Your instructions
What you return should be the exact lines from the one with "Dámske legíny Under" to the end of the records below, both included, and no pictures.

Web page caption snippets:
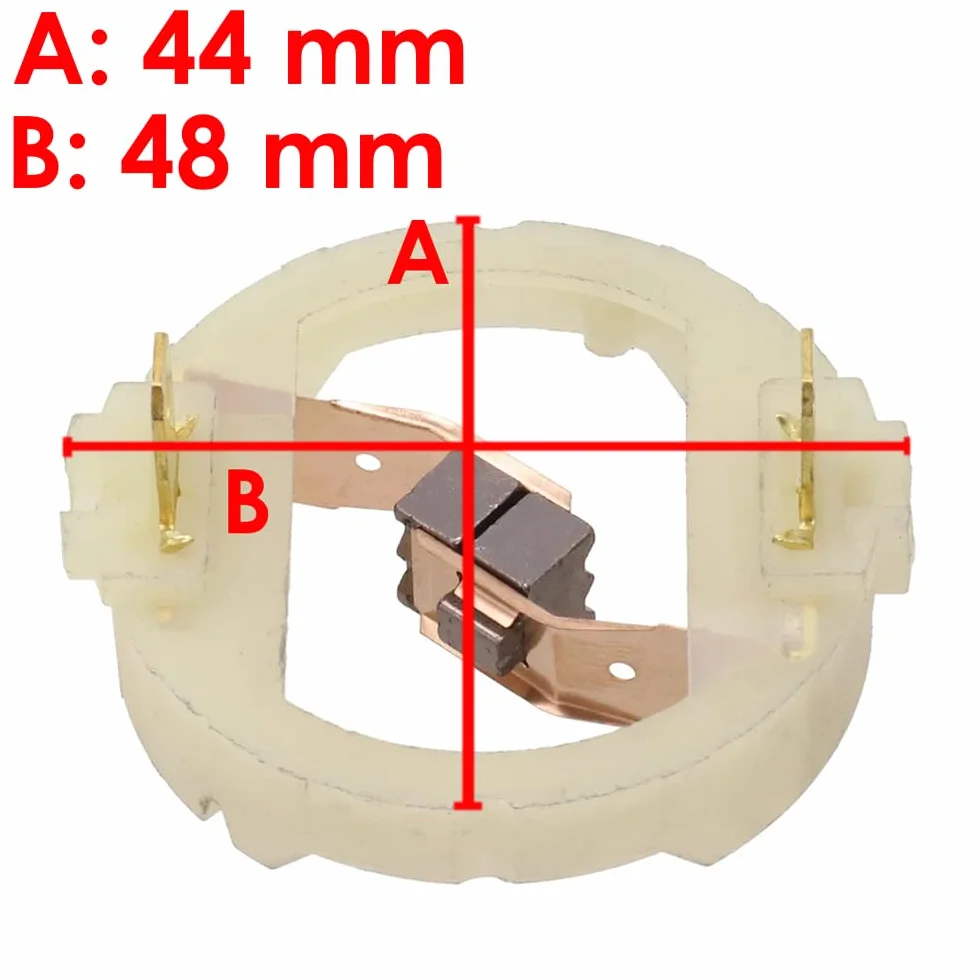 Szczotki węglowe wiertarka wkrętarka szlifierka kątowa frezarka piła kompatybilna z Parkside PWSA 20 Li C3/PWSA 20 Li B2 B3/PWSA 20 Li D4 silnik RS897 RS895 RS8875 RS887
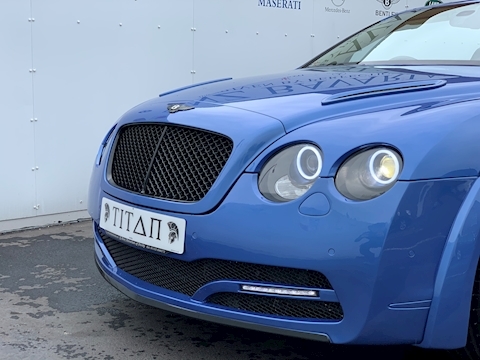 Continental Gtc Convertible 6.0 Automatic Petrol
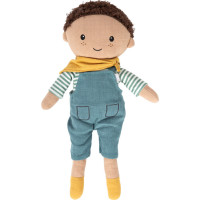 small foot Látková bábika Leo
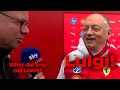 Ted: What did you call Lewis? Fred: Luigi! Ha ha ha ha ha he he he he he he he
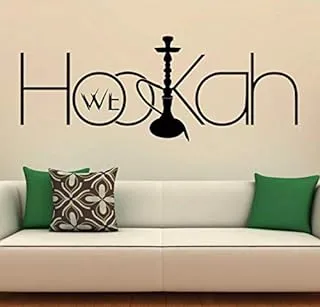 BBOriginalDesigns -Hookah 1.jpg ملصقات حائط ، 2724784287676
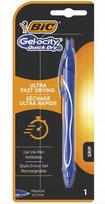 Bic Gel-ocity gelinis rašiklis, mėlynas, 0.7mm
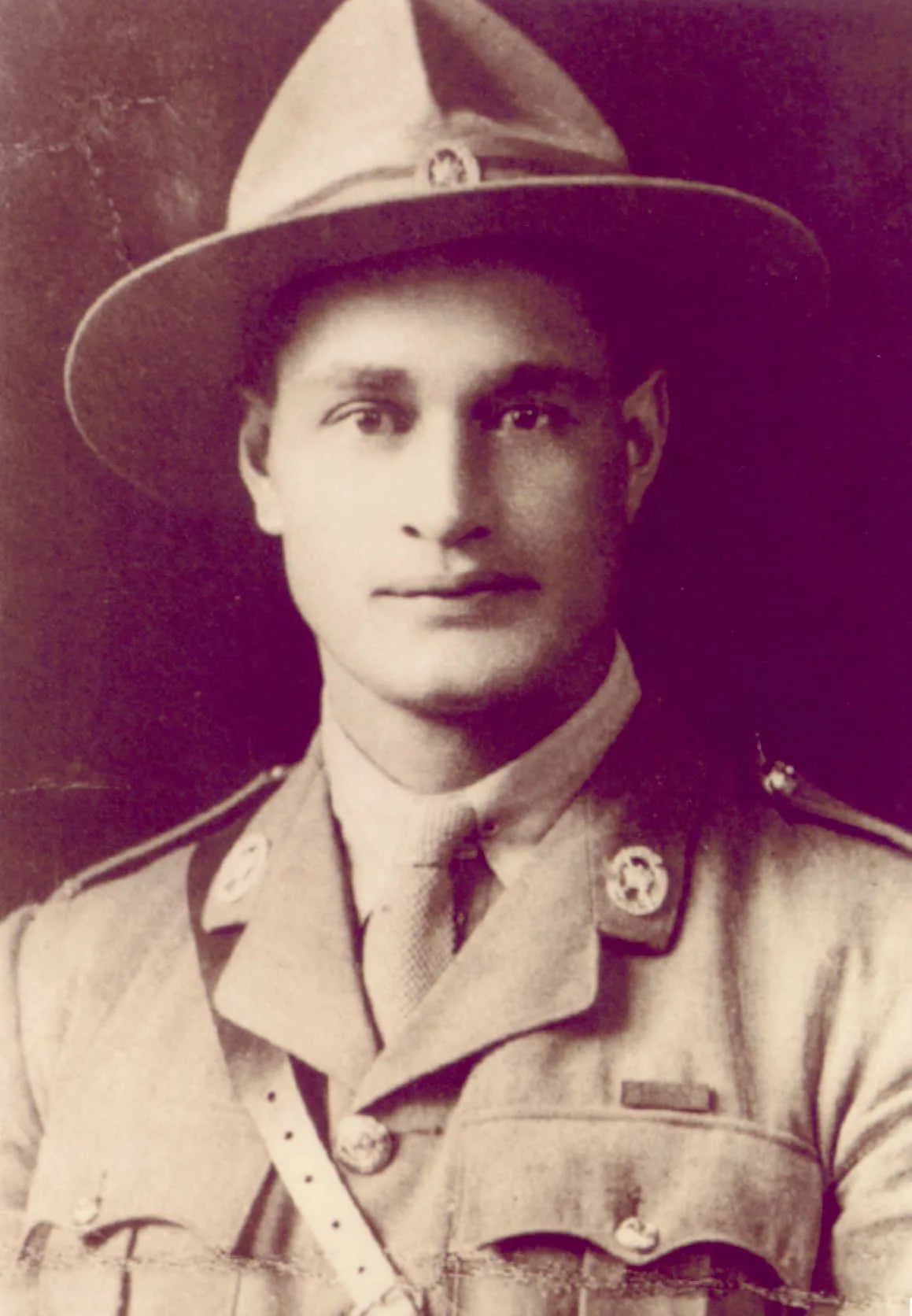 Porträt von George Gardiner (1894–1941) – Gedenkseite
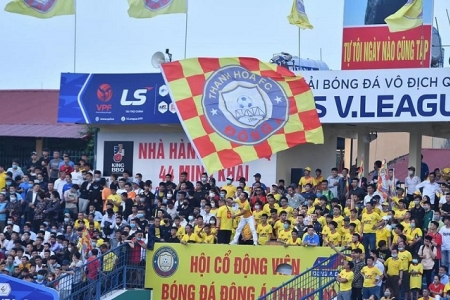 Lịch thi đấu vòng 11 V-League: Đông Á Thanh Hóa tiếp đón HAGL trên sân nhà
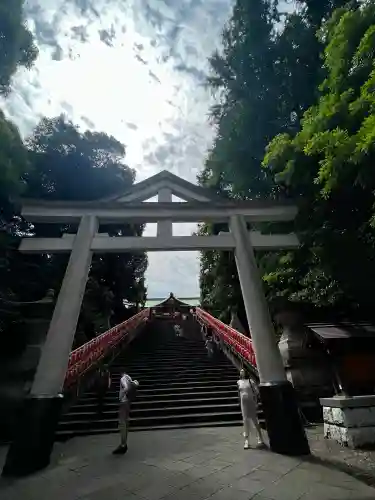 日枝神社(東京都)
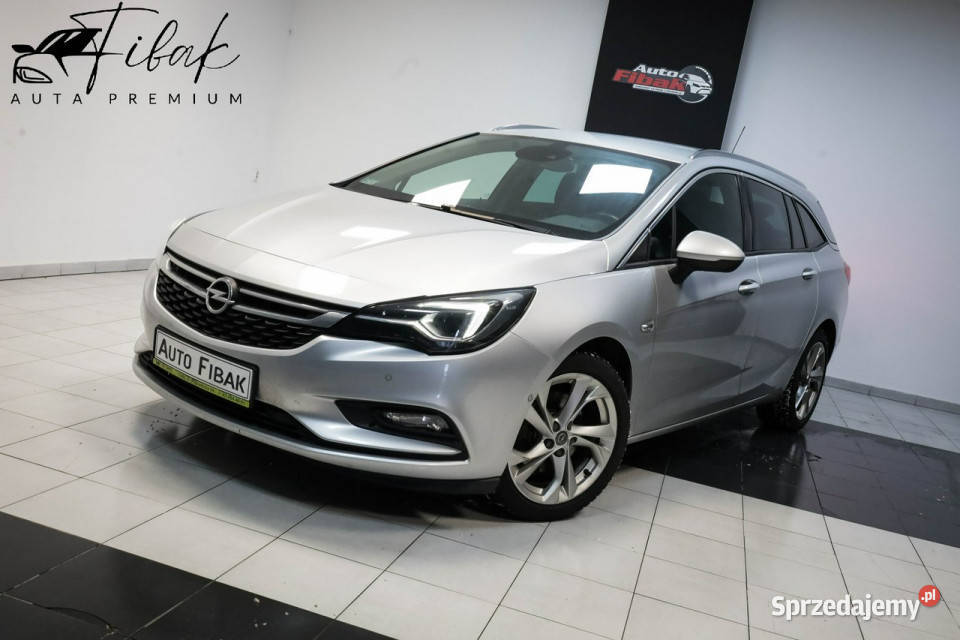 Opel Astra 16 136Salon diesel Konstantynów Łódzki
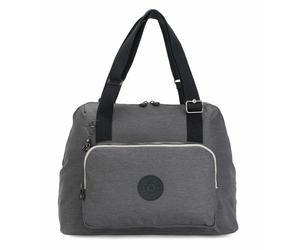 kipling Lenexa Babybag Charcoal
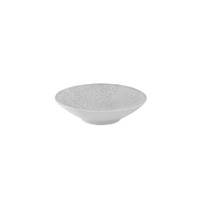 190mm Round Bowl Grey Web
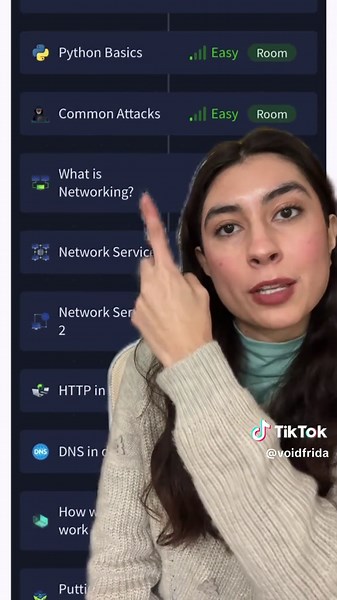 Aprende a Hackear con Try Hack Me - Parte 1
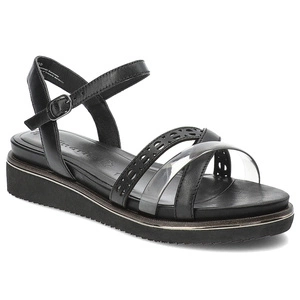 Sandále Tamaris - 1-28255-42 001 Black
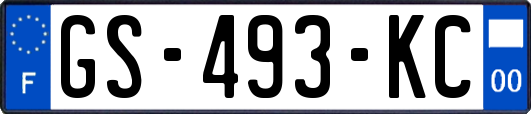 GS-493-KC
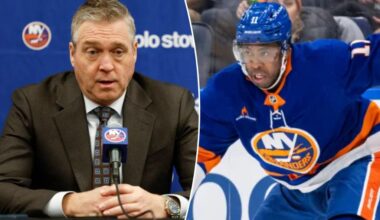 Patrick Roy wants to apologize to Anthony Duclair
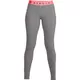 Dámske legíny Under Armour Favorites Legging - Charcoal Light Heather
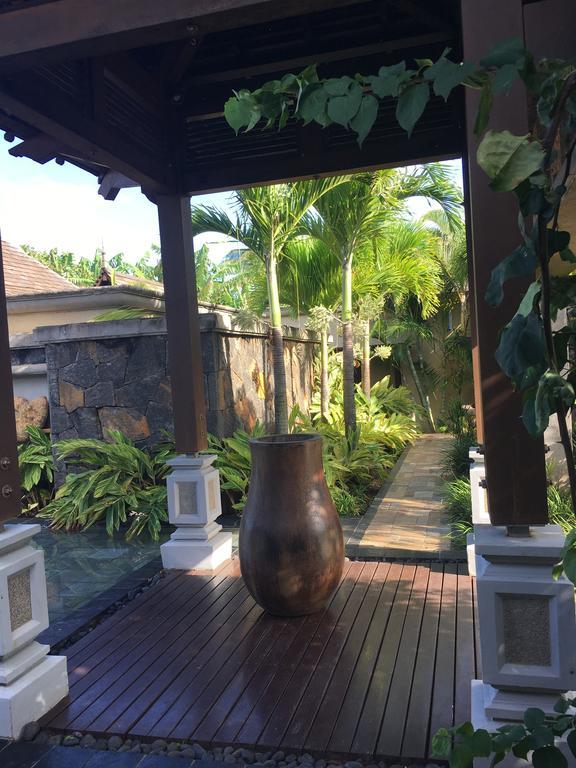Villa Serenite Bel Ombre Bagian luar foto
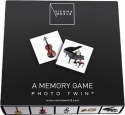 Memory Game Instruments 11 x 11 cm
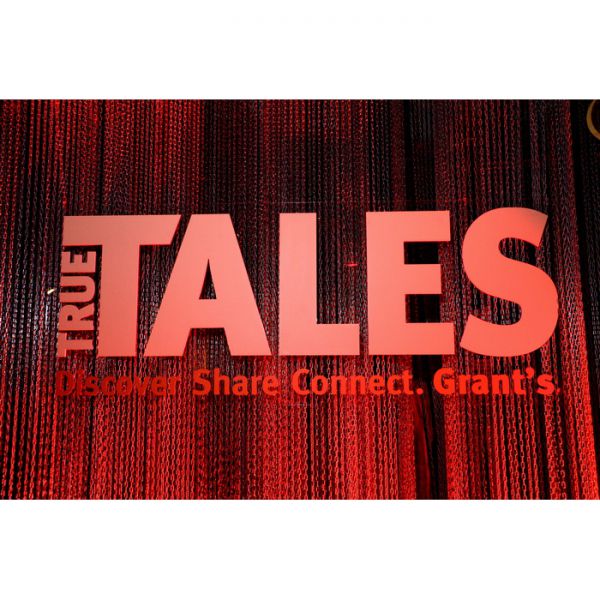    Grants True Tales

Exercise result
 Dámske legíny Under Armour Favorites Legging - Charcoal Light Heather
Villa Serenite Bel Ombre Bagian luar foto
 Memory Game Instruments 11 x 11 cm
    Grants True Tales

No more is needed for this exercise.